M. le président. La parole est à M. Hugot.
M. Jean-Paul Hugot. Actuellement, pour empêcher la fuite des biens culturels vers l'étranger, la France dispose de la loi de 1992 avec trois possibilités qui ont été rappelées.
Les propositions qui nous sont faites à travers ce texte ne sont que des aménagements juridiques limités à la loi du 31 décembre 1992.
Si la procédure d'acquisition des trésors nationaux pallie certains refus de vente portant sur des biens relativement secondaires, elle ne résout en rien le problème concernant les biens déclarés d'une importance majeure à l'échelle mondiale, notamment les grands tableaux des peintres impressionnistes, évoqués tout à l'heure en particulier par Mme la ministre.
Le nouveau dispositif ne mettra pas un terme à la menace effective de la fuite de notre patrimoine vers l'étranger.
Le processus sera seulement retardé de quelques années. Par conséquent, cela ne pourra qu'accentuer le déclin du marché de l'art dans notre pays.
Nous ne devons pas oublier que si, au début des années cinquante, la France était au centre du marché de l'art, aujourd'hui les Etats-Unis et la Grande-Bretagne occupent une place de référence sur ce maché mondial quantitativement parlant.
La seule mesure capable de changer toutes les données de ce problème, qui n'est pas des moindres, est une défiscalisation partielle.

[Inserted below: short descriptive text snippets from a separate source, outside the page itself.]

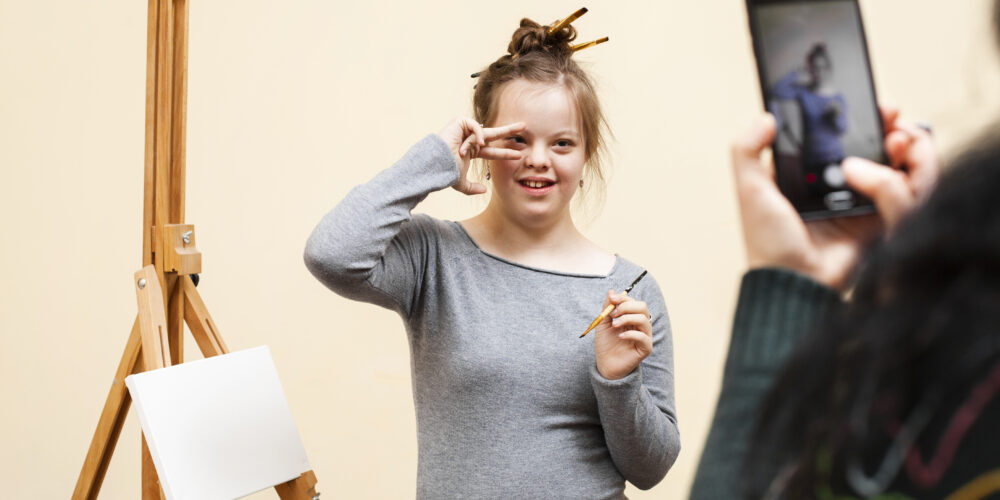 En ungdom står framför ett staffli och målar samtidigt som hon gör en pose och blir fotograferad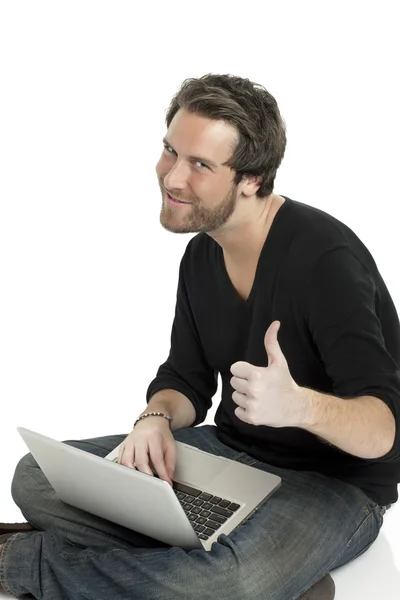 En man gestikulerande godkänd innehar en laptop — Stockfoto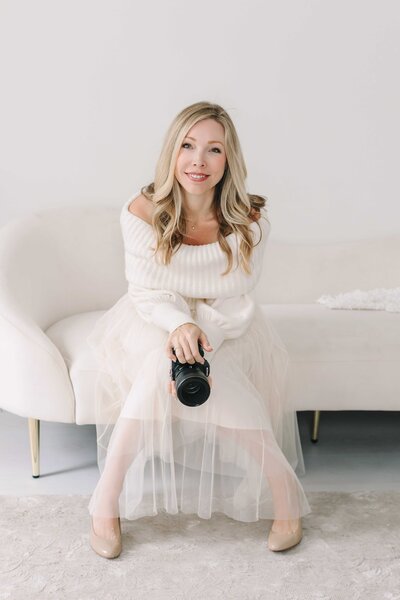 Kristie Lloyd sits on a white couch in her photography studio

Saisie pour avis, la commission des finances a déposé quatre amendements destinés à compléter par un volet fiscal le dispositif que je viens d'évoquer. L'objectif de ces amendements est d'encourager l'acquisition de trésors nationaux par des propriétaires privés qui s'engageraient à en demander le classement, lequel ouvrirait droit à des avantages fiscaux. Les dispositifs proposés reposent sur des mécanismes originaux mais ne vont pas sans soulever des objections techniques qui ont justifié l'attitude prudente de la commission des affaires culturelles.

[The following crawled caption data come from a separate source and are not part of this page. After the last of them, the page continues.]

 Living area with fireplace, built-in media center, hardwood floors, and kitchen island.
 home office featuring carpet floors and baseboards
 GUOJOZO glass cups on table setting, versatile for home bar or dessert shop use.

Cela étant, madame la ministre, vous avez reppelé tout à l'heure que, dans la voie ouverte par M. Gaillard, vous vous proposiez sous peu d'engager des initiatives concernant notamment la loi de 1913. Inutile de vous dire que, si le Gouvernement nous laissait entrevoir une chance de surmonter quelques-uns des obstacles qui, aujourd'hui, s'opposent à la prise des mesures fiscales nécessaires pour débloquer la situation, nous soutiendrions cet effort.

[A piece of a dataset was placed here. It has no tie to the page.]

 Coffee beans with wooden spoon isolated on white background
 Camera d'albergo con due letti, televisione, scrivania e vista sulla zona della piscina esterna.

Pour l'instant, outre le travail de M. Lagauche, je voudrais saluer les initiatives de notre collègue Yann Gaillard, le féliciter pour son excellente contribution, qu'il s'agisse de l'analyse à laquelle il s'est livrée dans son rapport sur le marché de l'art ou du rapport pour avis qu'il a présenté sur la proposition de loi qui nous est actuellement soumise.
Même si elle ne va pas très loin, cette proposition de loi nous fait avancer d'un pas. Notre groupe votera donc ce texte bien que nous soyons convaincus que le fond du problème ne peut être résolu que grâce à la mise en oeuvre d'une véritable volonté politique, que j'espère pouvoir déceler bientôt, dans vos initiatives, madame la ministre. Nous devons, enfin, nous donner les moyens de favoriser la protection de notre patrimoine national pour, ainsi, éviter son exode. (Applaudissements sur les travées du RPR, des Républicains et Indépendants et de l'Union centriste.)
M. le président. Personne ne demande plus la parole ?...
Je mets aux voix, modifiées, les conclusions du rapport de la commission des affaires culturelles sur la proposition de loi n° 444 (1998-1999).

(Ces conclusions sont adoptées.)
M. le président. Mes chers collègues, nous allons suspendre nos travaux quelques instants.
La séance est suspendue.

(La séance, suspendue à dix-sept heures quinze, est reprise à dix-sept heures vingt.)